» Material provided:
----------

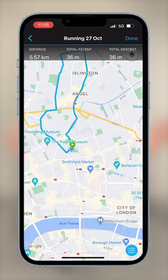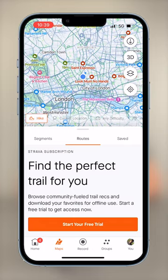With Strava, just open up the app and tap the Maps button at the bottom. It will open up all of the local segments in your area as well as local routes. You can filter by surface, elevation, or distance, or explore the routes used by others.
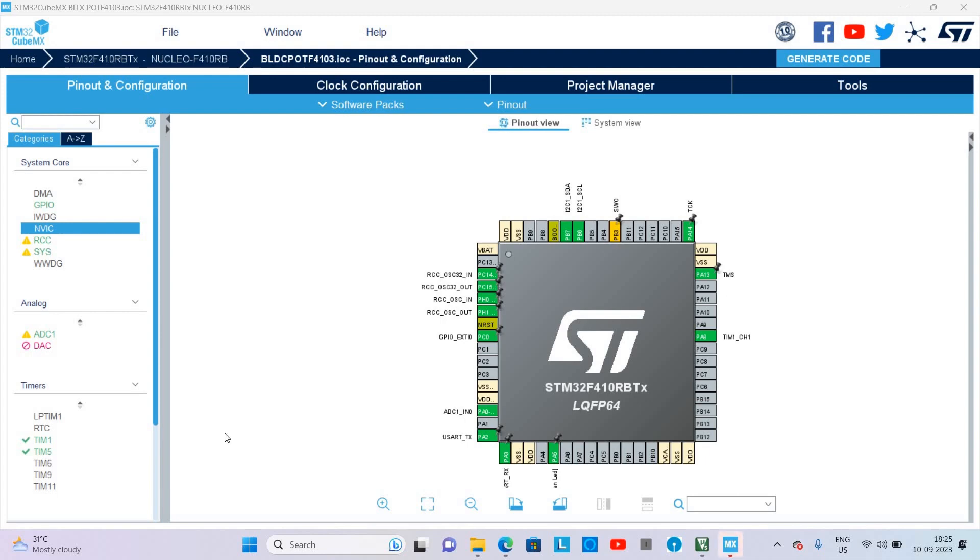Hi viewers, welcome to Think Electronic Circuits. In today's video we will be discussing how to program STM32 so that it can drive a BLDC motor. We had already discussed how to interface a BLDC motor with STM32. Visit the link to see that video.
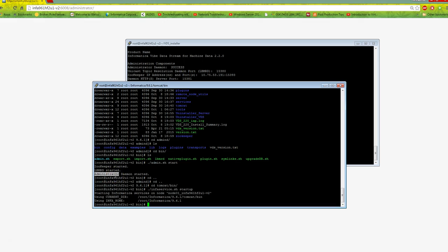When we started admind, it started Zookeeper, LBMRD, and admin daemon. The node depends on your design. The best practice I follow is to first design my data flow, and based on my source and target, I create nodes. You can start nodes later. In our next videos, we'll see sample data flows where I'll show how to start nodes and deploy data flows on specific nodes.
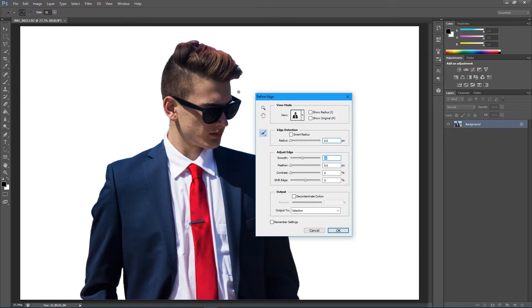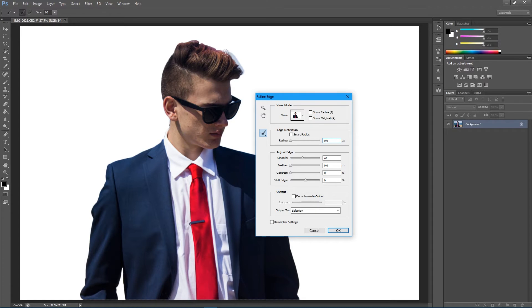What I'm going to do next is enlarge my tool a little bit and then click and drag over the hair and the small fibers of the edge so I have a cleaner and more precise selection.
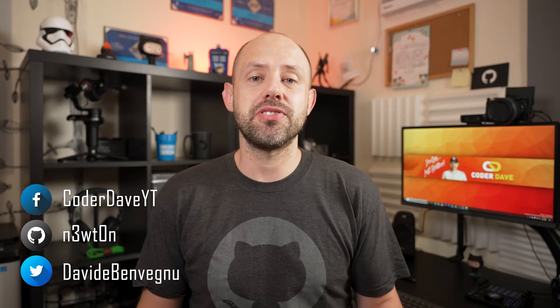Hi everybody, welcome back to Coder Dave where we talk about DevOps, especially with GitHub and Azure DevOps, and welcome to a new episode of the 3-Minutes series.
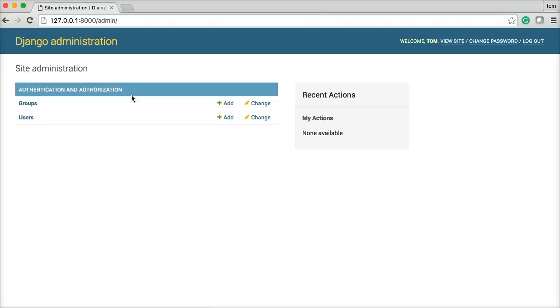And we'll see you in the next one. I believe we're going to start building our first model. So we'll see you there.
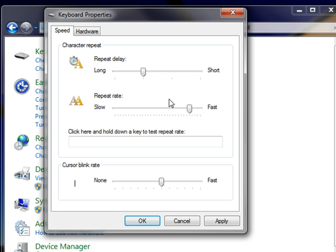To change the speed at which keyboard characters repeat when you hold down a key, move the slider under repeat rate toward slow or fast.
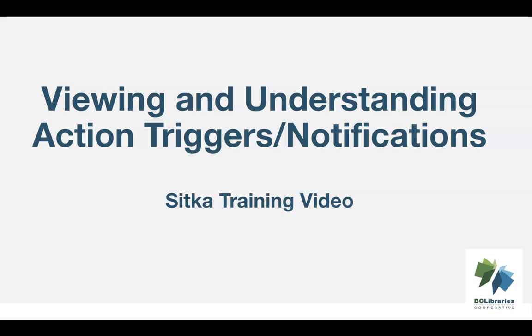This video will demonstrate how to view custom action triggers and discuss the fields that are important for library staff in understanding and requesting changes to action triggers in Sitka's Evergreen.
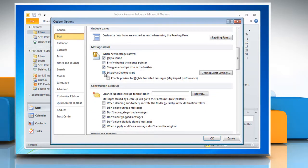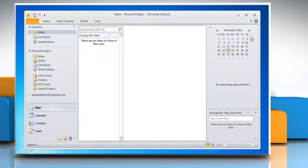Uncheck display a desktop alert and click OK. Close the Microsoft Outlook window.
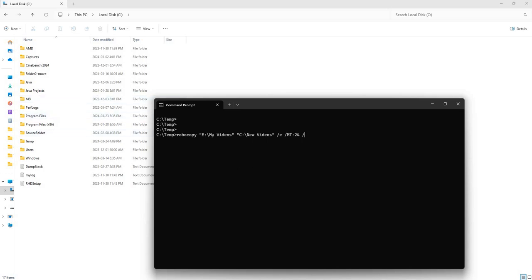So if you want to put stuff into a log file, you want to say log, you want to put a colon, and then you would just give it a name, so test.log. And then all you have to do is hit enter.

----------

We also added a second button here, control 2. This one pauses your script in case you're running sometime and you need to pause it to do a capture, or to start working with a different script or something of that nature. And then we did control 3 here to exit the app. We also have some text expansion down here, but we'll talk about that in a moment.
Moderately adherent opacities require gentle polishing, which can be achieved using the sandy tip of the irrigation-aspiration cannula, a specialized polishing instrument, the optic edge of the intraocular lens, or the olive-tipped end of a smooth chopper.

----------

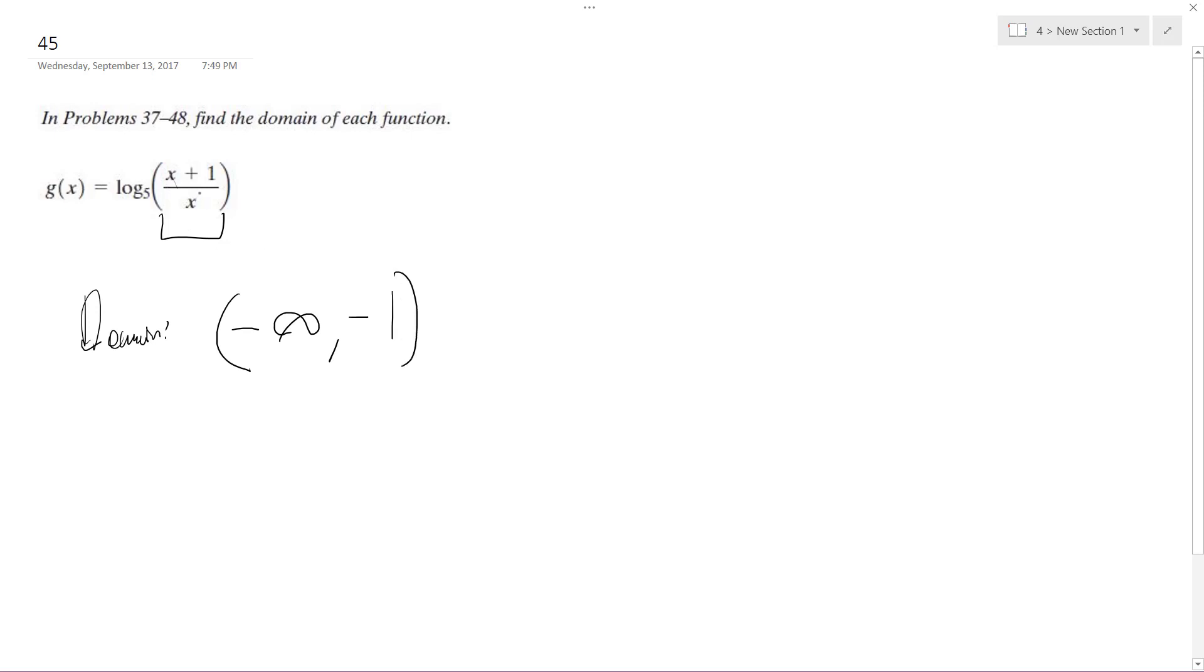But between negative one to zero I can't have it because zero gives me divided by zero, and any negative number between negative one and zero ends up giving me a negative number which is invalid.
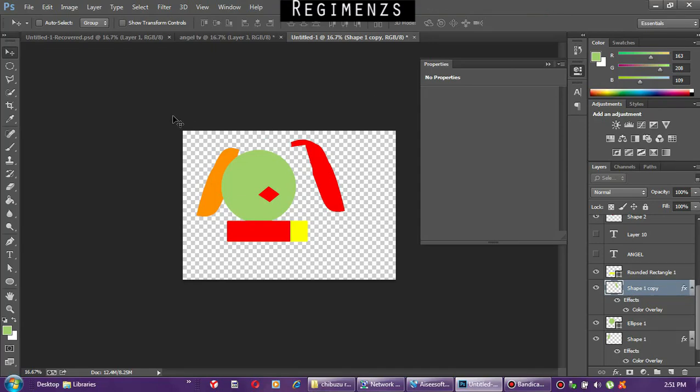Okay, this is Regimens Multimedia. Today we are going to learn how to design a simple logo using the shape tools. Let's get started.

----------

» Prompt: Using the data above, print only the lines starting at the one with "And we'll see" and ending at the one with "So if you want", exactly as they stand, minus the pictures.

» Answer to this problem:
And we'll see you in the next one. I believe we're going to start building our first model. So we'll see you there.
To change the speed at which keyboard characters repeat when you hold down a key, move the slider under repeat rate toward slow or fast.
This video will demonstrate how to view custom action triggers and discuss the fields that are important for library staff in understanding and requesting changes to action triggers in Sitka's Evergreen.
Uncheck display a desktop alert and click OK. Close the Microsoft Outlook window.
So if you want to put stuff into a log file, you want to say log, you want to put a colon, and then you would just give it a name, so test.log. And then all you have to do is hit enter.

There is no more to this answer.